## What the exercise asks
Give back the lines below verbatim, omitting all pictures.

## Records supplied

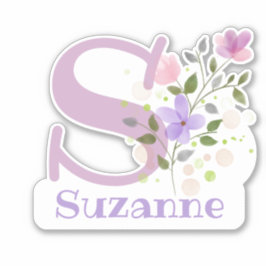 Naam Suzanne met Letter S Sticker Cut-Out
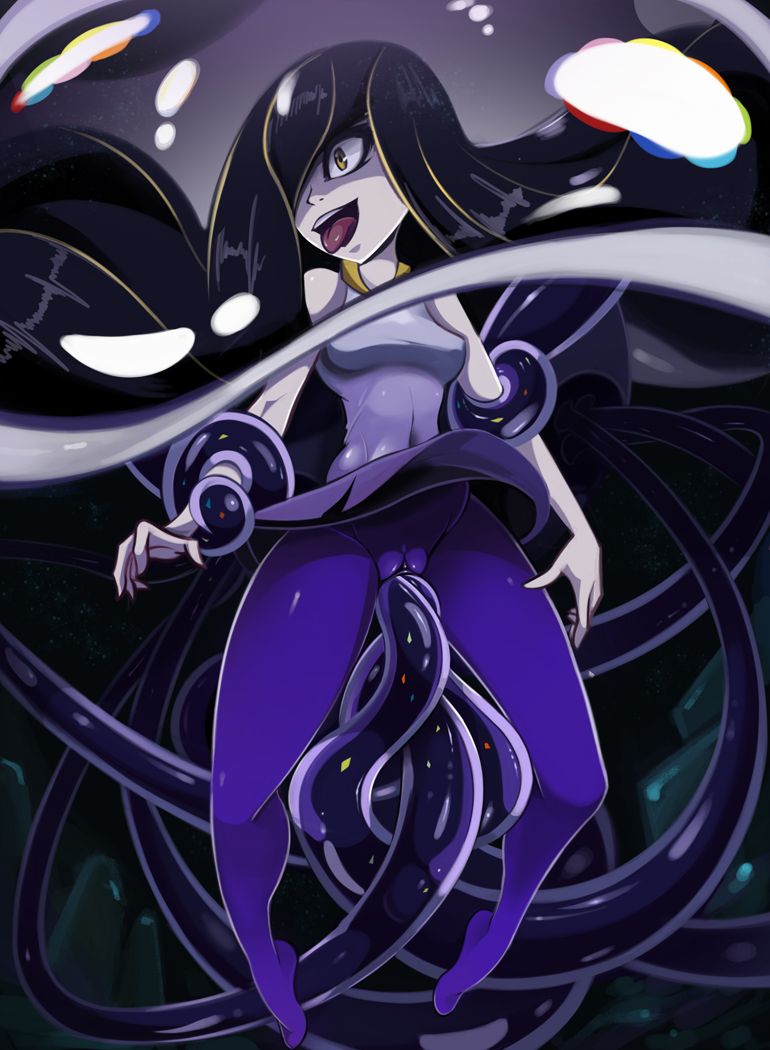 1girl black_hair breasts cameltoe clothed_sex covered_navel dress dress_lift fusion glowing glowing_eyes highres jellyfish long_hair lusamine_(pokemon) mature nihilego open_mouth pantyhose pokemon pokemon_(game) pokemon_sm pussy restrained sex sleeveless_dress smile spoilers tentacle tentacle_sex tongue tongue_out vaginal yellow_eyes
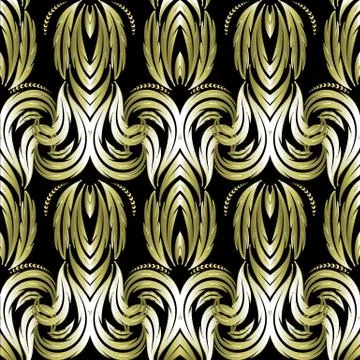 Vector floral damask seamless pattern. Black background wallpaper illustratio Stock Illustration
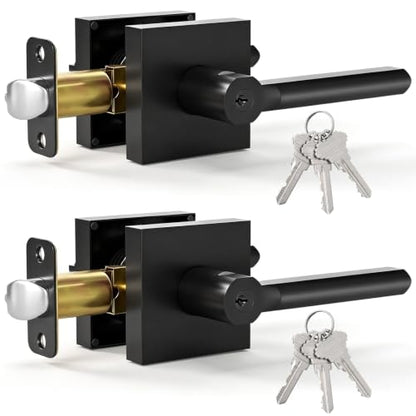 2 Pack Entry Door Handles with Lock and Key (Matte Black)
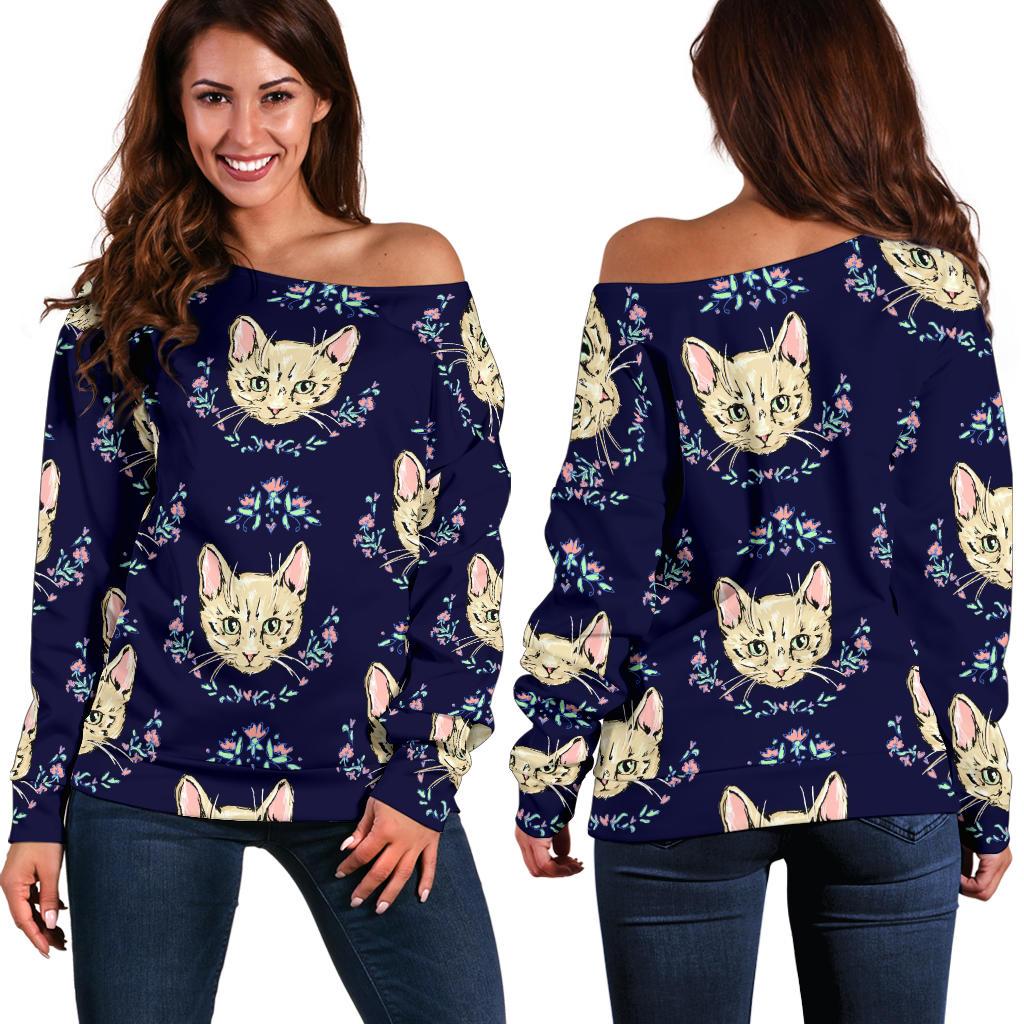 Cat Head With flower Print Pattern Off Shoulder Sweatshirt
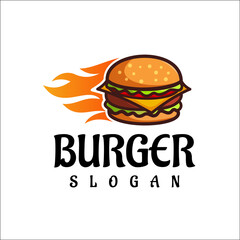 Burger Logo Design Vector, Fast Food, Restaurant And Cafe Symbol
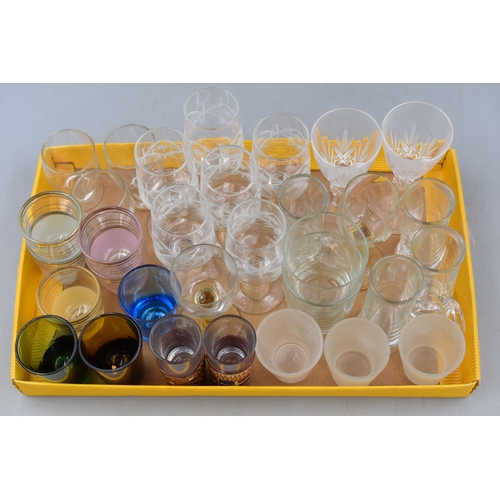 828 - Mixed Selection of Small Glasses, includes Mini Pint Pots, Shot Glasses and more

## Expected answer
 Naam Suzanne met Letter S Sticker Cut-Out
 1girl black_hair breasts cameltoe clothed_sex covered_navel dress dress_lift fusion glowing glowing_eyes highres jellyfish long_hair lusamine_(pokemon) mature nihilego open_mouth pantyhose pokemon pokemon_(game) pokemon_sm pussy restrained sex sleeveless_dress smile spoilers tentacle tentacle_sex tongue tongue_out vaginal yellow_eyes
 Vector floral damask seamless pattern. Black background wallpaper illustratio Stock Illustration
 2 Pack Entry Door Handles with Lock and Key (Matte Black)
 Cat Head With flower Print Pattern Off Shoulder Sweatshirt
 Burger Logo Design Vector, Fast Food, Restaurant And Cafe Symbol
 828 - Mixed Selection of Small Glasses, includes Mini Pint Pots, Shot Glasses and more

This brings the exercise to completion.